We live in a world where increasingly suffer from a kind of digital dissociative identity disorder where we have multiple personalities depending on which application we’re using, and numerous passwords to unlock these alter egos. According to research from unified identity management specialist Centrify, this can cost a business with 500 staff more than £130,000 a year.
The lost productivity stems ironically from best practices which, assuming it is put to use, results in numerous passwords being devised for all of the applications and websites that form part of our lives. Alternatively, using the same or similar passwords for every logon screen opens up the business to even greater dangers.
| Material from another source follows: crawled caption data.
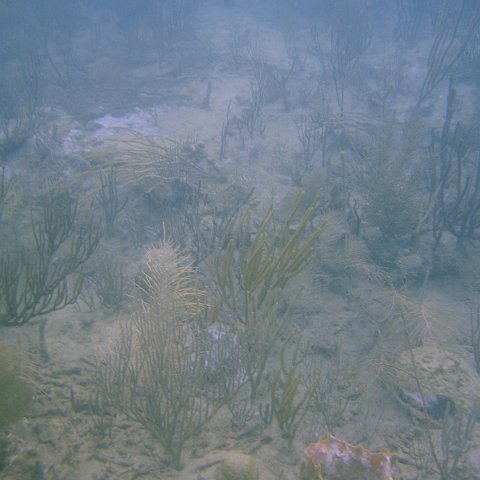 DSC05600 DSC05600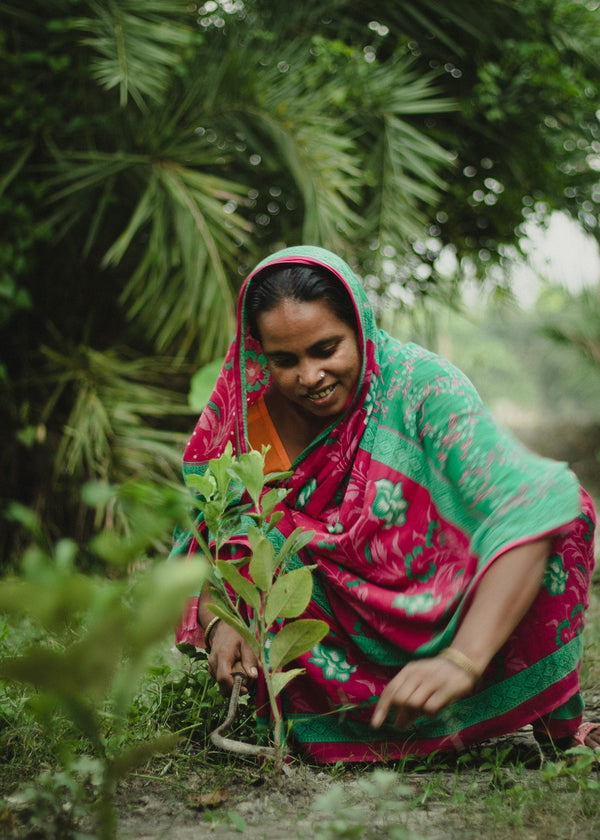 West Bengal, India - 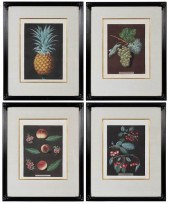 FOUR AQUATINTS OF FRUITS AFTER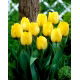 Tulipan Royal Elegance - opak. 5 szt.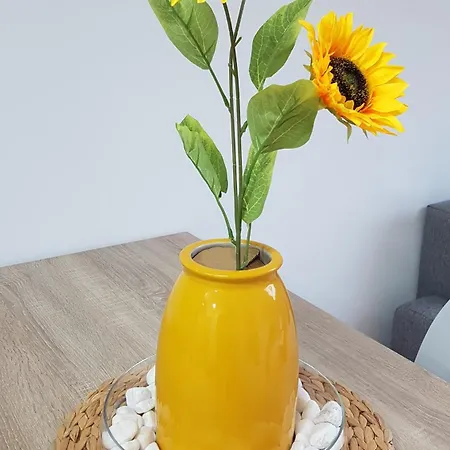 Secretos De Vut-te-24-0075 شقة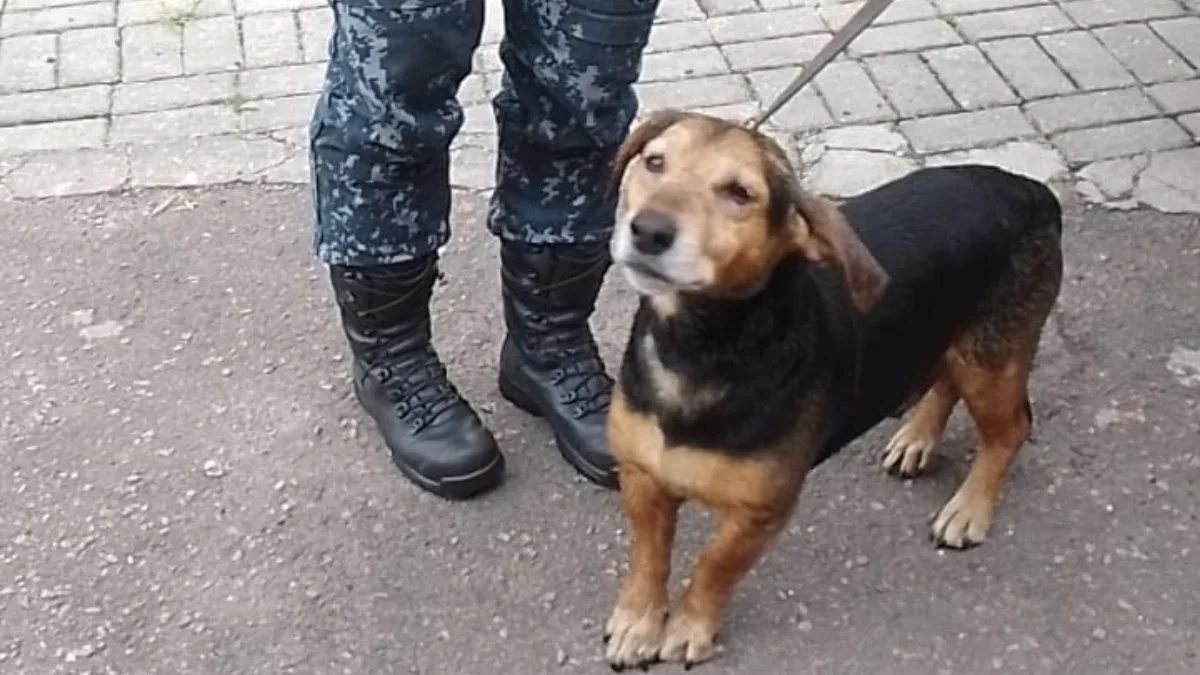 cachorro resgatado em Curitiba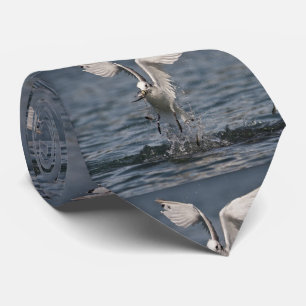 Hovering Kittiwake Tie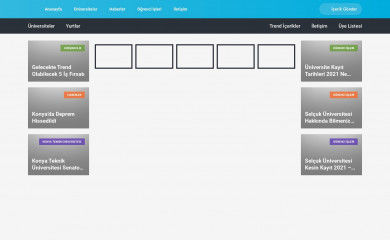 bosnamm.com screenshot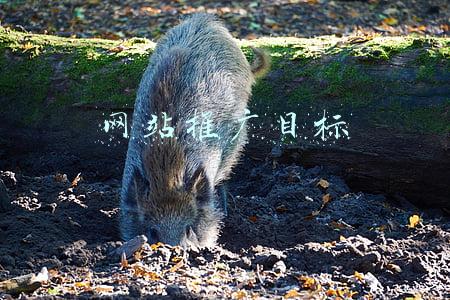 网站推广目标什么意思(网站推广目标是什么？网站推广应该如何开展工作？)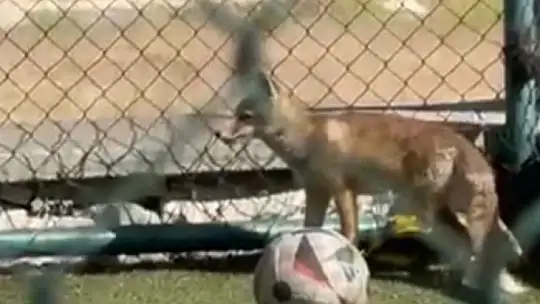 Elazığ'da spor sahasına tilki girdi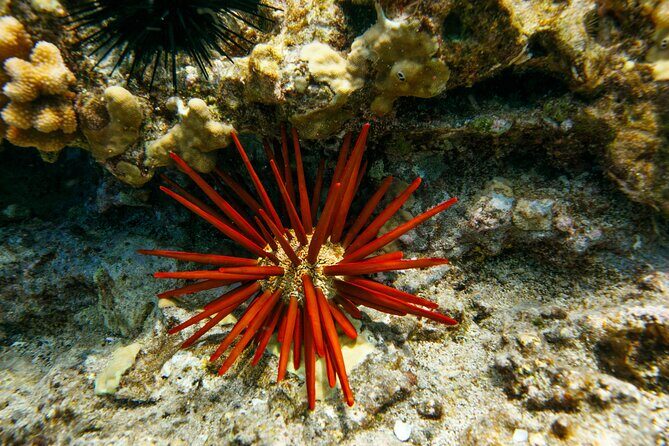 Molokini Snorkel Trip 2-Hour From Kihei - The Reviews Speak Volumes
To be safe, every time a password is requested, it should bear little or no relationship to any other character string, we may have used in the past. Remembering all of these is impossible, especially those devised for sites that are rarely visited. Writing them down in a notebook is strictly forbidden.
Whatever the truth of the matter Centrify’s research estimates that the average employee wastes £261 a year trying to manage the problem.
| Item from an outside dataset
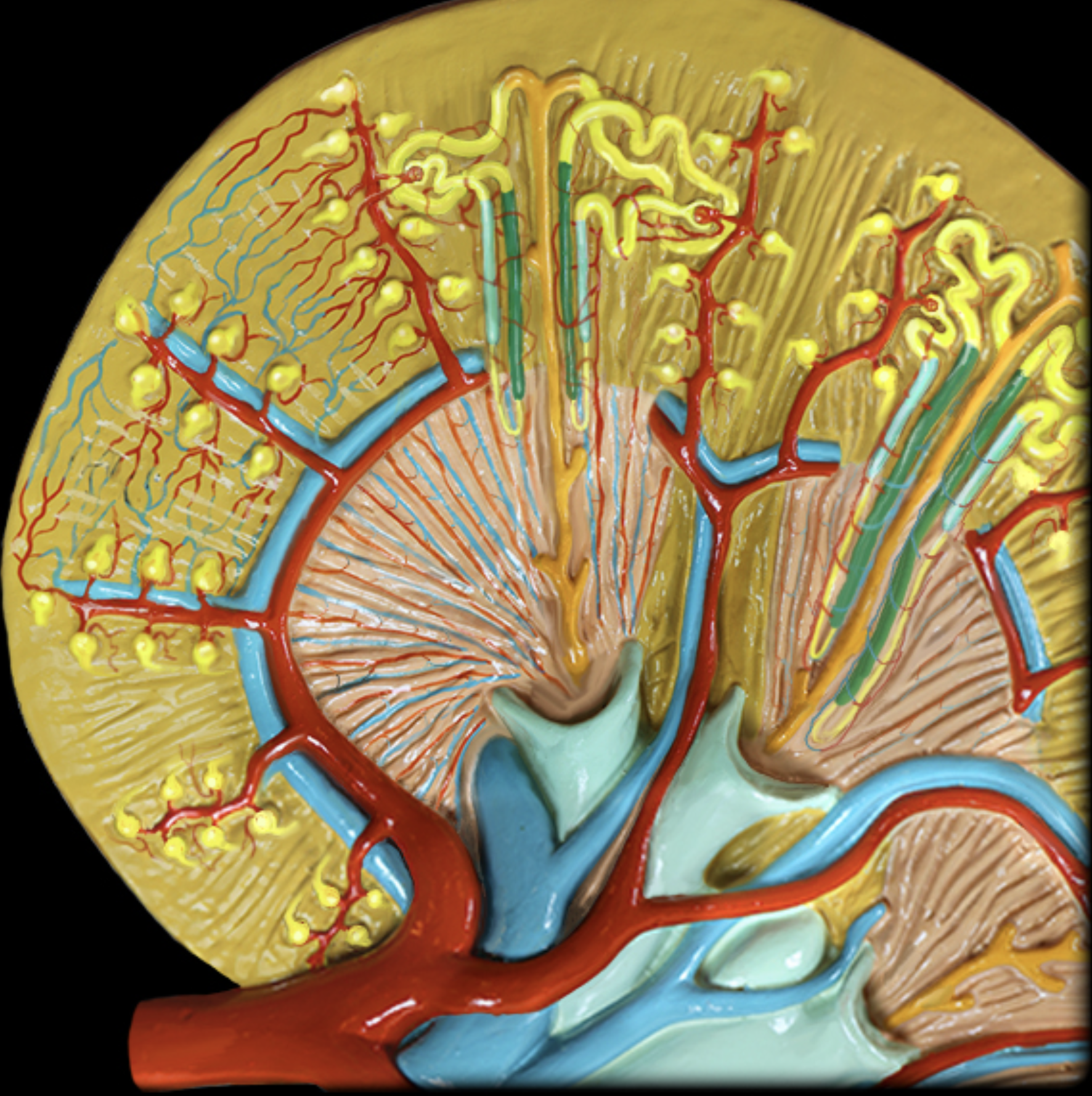 <p>Afferent arteriole</p>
The problem is distorting our sense of reality with 39 percent of the respondents claiming that forgetting a password for an online account is more annoying than misplacing their keys, mobile phone battery running out of power (37%), or getting spam email (31%). In the “bordering on a basket case” department, one in six people would rather sit next to someone talking loudly on their mobile phone, 13 percent would rather spend an hour on the customer service line, and 12 percent would prefer to suffer the crying of a baby on a flight than have to manage all of their passwords.
In some cases finding lost password is impossible and 38 percent of the sample said they have accounts they can access anymore because of a forgotten password and 28 percent get locked out at least once a month because they ran out of “tries” when attempting to recall a forgotten login code.
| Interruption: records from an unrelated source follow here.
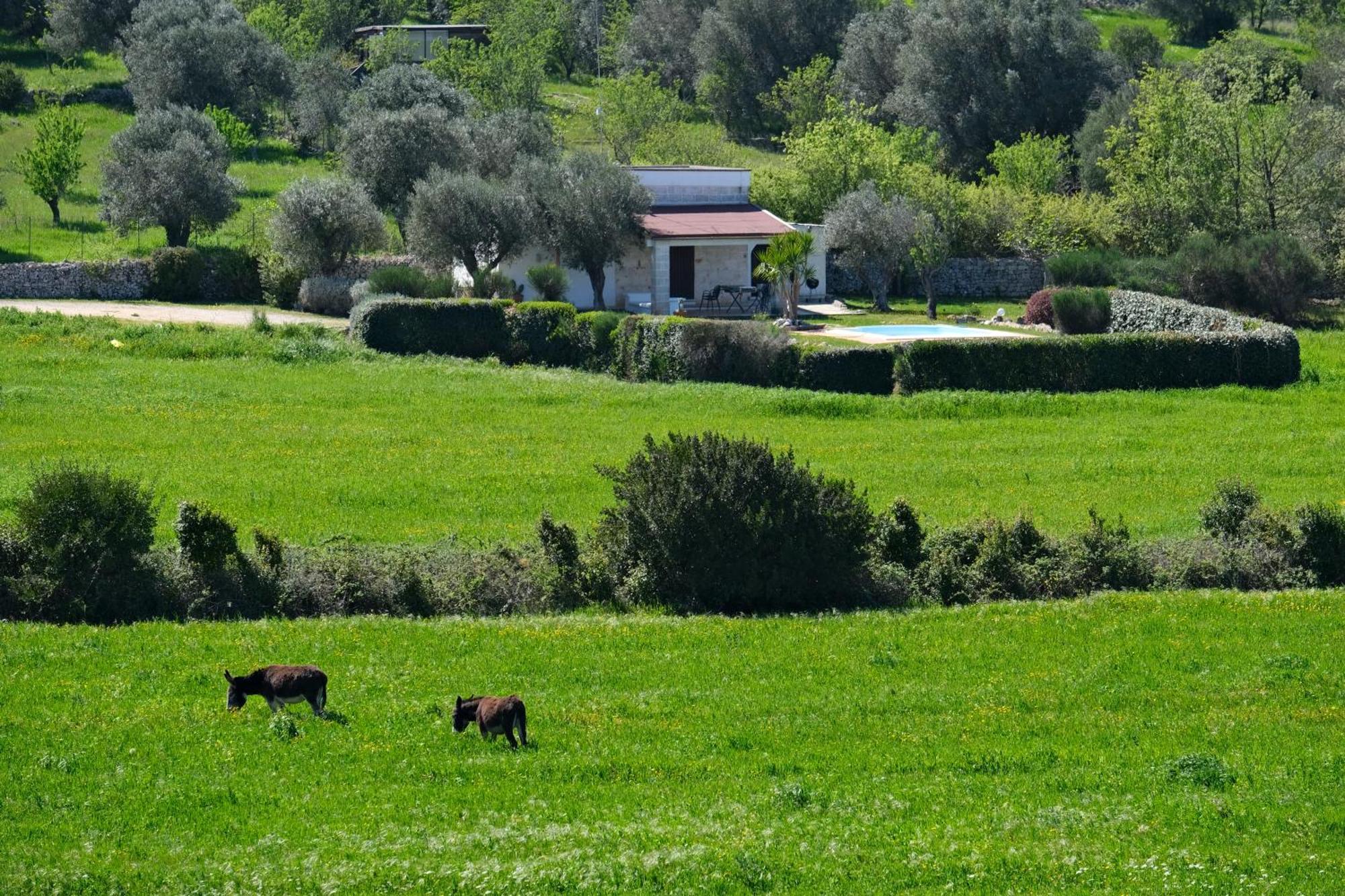 Terra Sessana Ville E Trullo Con Piscina Privata Ostuni Εξωτερικό φωτογραφία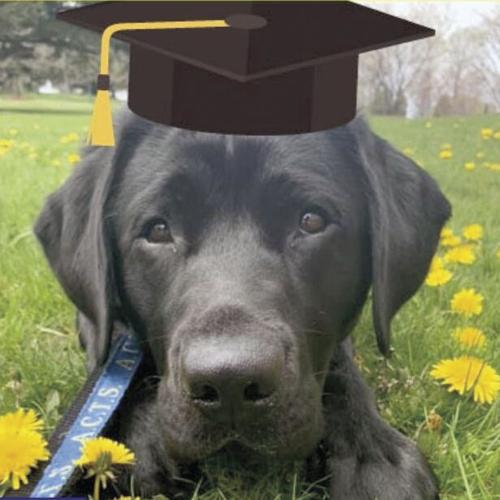 ACTS - Facility dog for education Flint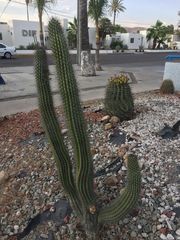 Stenocereus thurberi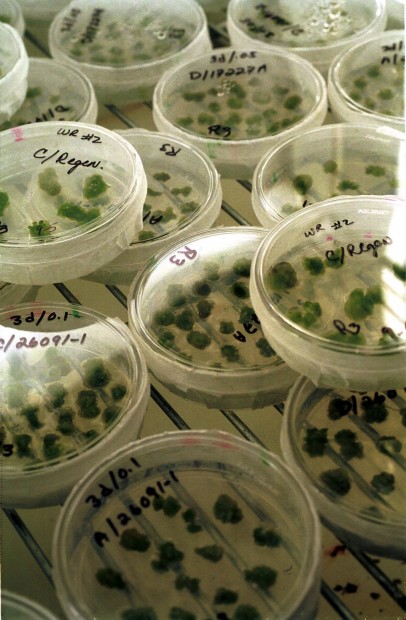 Monsanto could be sold by early next year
When it comes to best practice, not many people appear to be adhering to the rules. Only one in five people said they change their passwords at least once a month and a mere eight percent change them every week.
It’s hardly surprising that the majority of people asked had little faith in their own password security. With only 15 percent boasting that their passwords were “very secure”.
Criticism of password security is a perennial subject for the press and the situation always seems to get worse rather than better. Almost half of the respondents (42%) claimed they had to open a new account profile every week and 14 percent believed they would have over a hundred passwords to deal within the next five years. Despite these claims, 47 percent of the sample believe that they only had five profiles to handle, but around 25 percent said they have 21 or more.
Andy Kellett at analyst firm Ovum, commented, “When it comes to providing safe access to what should be highly-secure business systems the password model is no longer fit for purpose. It remains the primary security tool for businesses in environments where other authentication options should be considered. We used to go to work and stay in one place. Now we are just as likely to be working from a remote office, on the train, or at home and simple passwords are neither robust nor secure enough to support secure, remote access.”
Just to show how serious the situation is Widmeyer, the company that conducted the survey, as the respondents what they do to ensure that they can remember their passwords. The results were horrifying, as might be expected.
The top five solutions were to always use the same password whenever possible, to cycle through a variety of passwords derived from a simple formula, to carry around a book of passwords, to use personal information within a password, and to avoid using symbols or mixing upper and lowercase characters.
Centrify’s solution is to adopt password management to take some of the stress away from the users. Cloud-based and premises-based products are available from Centrify and numerous other password management vendors.
The survey was devised by Centrify and Widmeyer to determine the efficacy of passwords in the workplace. The questionnaire was completed by 1,000 participants in the UK and another 1,000 in North America. There was no apparent difference in the responses from the two geographical areas.